Mon, 18 Mar 2002 07:37:02 -0500
lf11 (lf11 from

I had this exact same problem.

Try disabling HDD S.M.A.R.T. in the BIOS. Worked for me. Dunno why, though! :)


[LG 76] wanted #7 lockups after upgrade

Sat, 2 Mar 2002 22:19:30 -0600
ABrady (kcsmart from

I would still suggest ram, even if it didn't cause problems before. Everything has to have a first time failure. I had a ram board that would work merrily along for days before suddenly locking up.
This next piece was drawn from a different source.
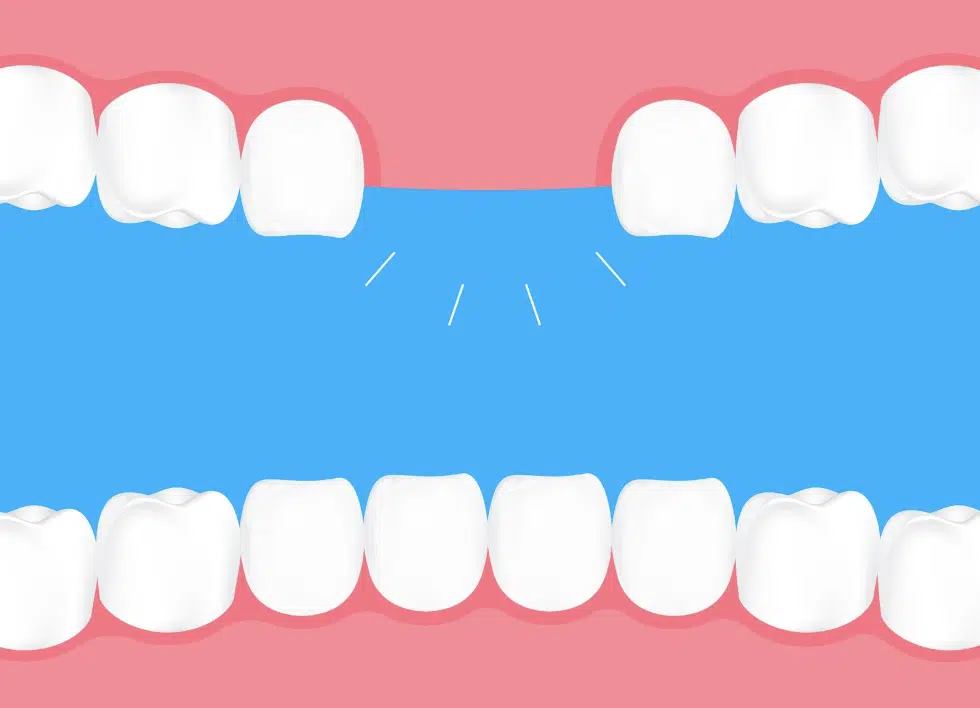 Cấy ghép Implant dành cho những ai?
I presume it would have shown itself sooner had I changed to something needing more ram to work well.

Secondly I'd look at heat. Is this machine in a warm place? A hot CPU is a grumpy CPU. Video players can put a strain on them.

Third, power supply. RH7.2 requires more resources than 6.2 required. More resource needs will put a strain on the power supply. Not necessarily a likely problem, but the symptoms certainly suggest it as a possibility.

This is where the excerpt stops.